Taming the Dictybase GFF3

dictyBase GFF3 has developed bunch of rough edges over the years and so do not plays well with third party tools. Here are the issues that we are aware of…

Known Issues

  • Genes with multiple gene models could easily be confused as splice isoforms. It is particularly hard to separate in case of known isoforms. There is also no easy way to identify the primary gene models.
  • Pseudogenes are not represented with proper SO terms. The pseudogenes used gene SO term whereas the transcript is represented by pseudogene term.

  • More than handful of assembly gap coordinates falls outside the range of reference feature.

  • CDS features do not have a value for phase column, which is required in GFF3 specification.

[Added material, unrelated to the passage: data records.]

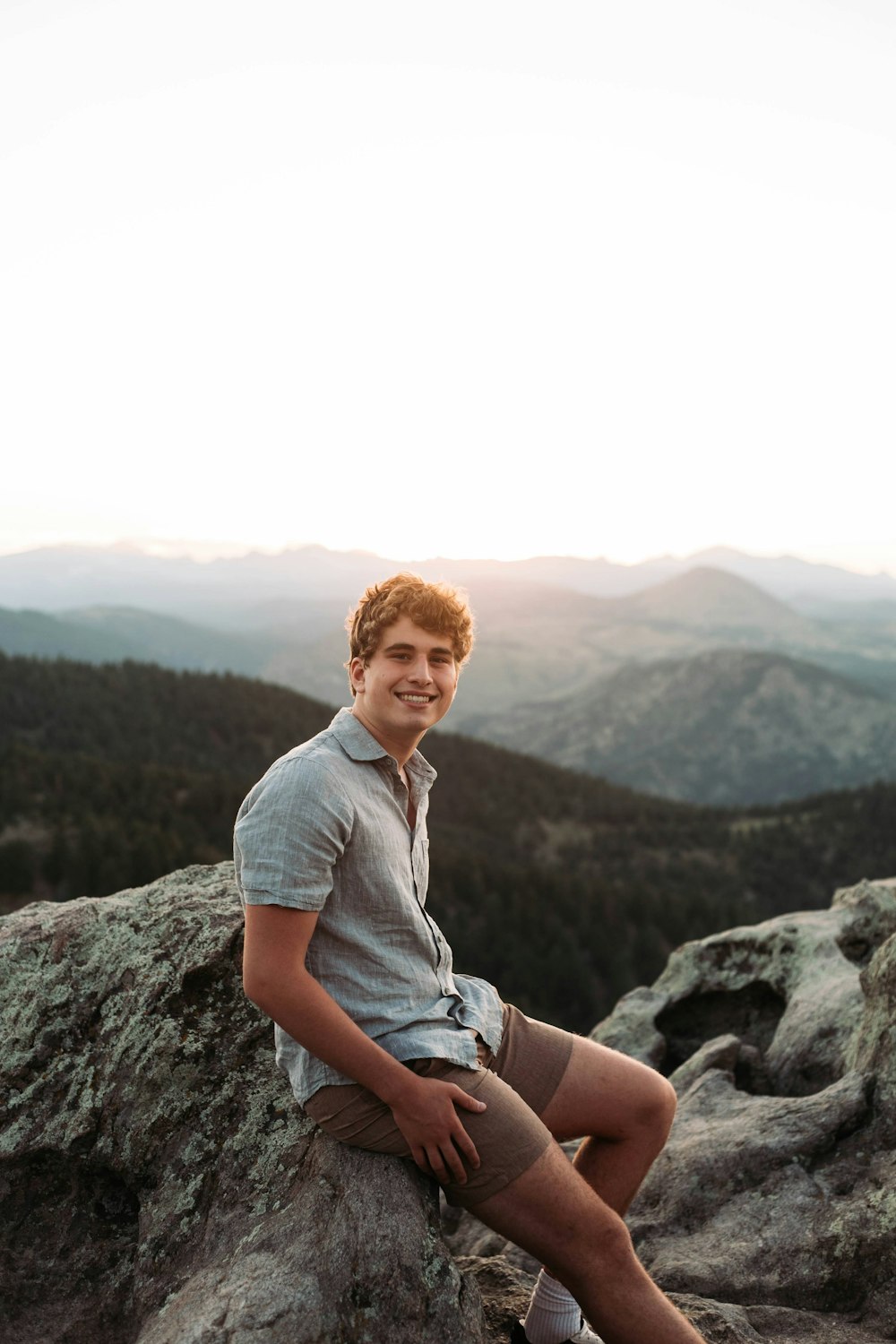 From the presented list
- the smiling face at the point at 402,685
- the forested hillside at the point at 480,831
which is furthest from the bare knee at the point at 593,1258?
the forested hillside at the point at 480,831

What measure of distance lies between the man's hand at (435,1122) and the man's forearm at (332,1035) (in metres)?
0.04

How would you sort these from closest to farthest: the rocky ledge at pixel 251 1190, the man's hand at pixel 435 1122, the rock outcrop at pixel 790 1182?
1. the man's hand at pixel 435 1122
2. the rocky ledge at pixel 251 1190
3. the rock outcrop at pixel 790 1182

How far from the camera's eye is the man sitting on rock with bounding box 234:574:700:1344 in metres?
3.68

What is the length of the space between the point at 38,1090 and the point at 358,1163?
7.75 ft

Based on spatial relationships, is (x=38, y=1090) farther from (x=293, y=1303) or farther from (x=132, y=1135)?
(x=293, y=1303)

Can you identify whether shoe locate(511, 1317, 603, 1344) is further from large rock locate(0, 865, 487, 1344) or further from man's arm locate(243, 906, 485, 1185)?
man's arm locate(243, 906, 485, 1185)

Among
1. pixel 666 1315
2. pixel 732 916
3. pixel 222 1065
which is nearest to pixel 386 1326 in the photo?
pixel 666 1315

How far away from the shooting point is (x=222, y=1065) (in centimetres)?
511

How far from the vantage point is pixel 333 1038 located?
3.68 metres

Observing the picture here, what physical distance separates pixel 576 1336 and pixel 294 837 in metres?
3.12

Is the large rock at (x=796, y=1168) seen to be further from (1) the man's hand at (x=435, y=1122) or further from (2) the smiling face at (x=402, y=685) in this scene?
(2) the smiling face at (x=402, y=685)

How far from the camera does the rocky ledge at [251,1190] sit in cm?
385

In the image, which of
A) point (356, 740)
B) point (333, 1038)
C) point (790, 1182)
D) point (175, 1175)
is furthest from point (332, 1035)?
point (790, 1182)

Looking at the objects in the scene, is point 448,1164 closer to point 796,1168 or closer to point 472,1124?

  • Missing target attribute of EST features. This is becasue the aligned coordinates of EST sequences are not present in our chado database, probably left out during the loading process.

Possible solutions

  • The gene models will be split into individual GFF3 file for canonical, non-coding, curated and predicted gene models. The reason for separation is that each gene model has its own customized data model particularly the way transcripts are represented. As a result, they have to be treated and exported separately.

  • The canonical will be the core GFF3 with all the chromosomes, contigs and genomic sequences. The rest of them (curated and predicted) will be supplemental and will contain only gene structures, no sequences and assembly features though. By default, all chromosomal features will be kept in a single file.

  • The pseudogene gene model will be fixed, the transcript will be psuedogenic_transcript whereas the exons will be psuedogenic_exon.

  • No more export of gap features at this point.

  • CDS features will not be exported at this point, would be included at a later point along with the phase column.

  • Rerun the EST pipeline and load alignments with EST sequence locations. It will ensure the presence of Target attribute. It will be available as separate alignment GFF3 file. However, until the rerun is finished the existing alignment GFF3 will be without the Target attribute.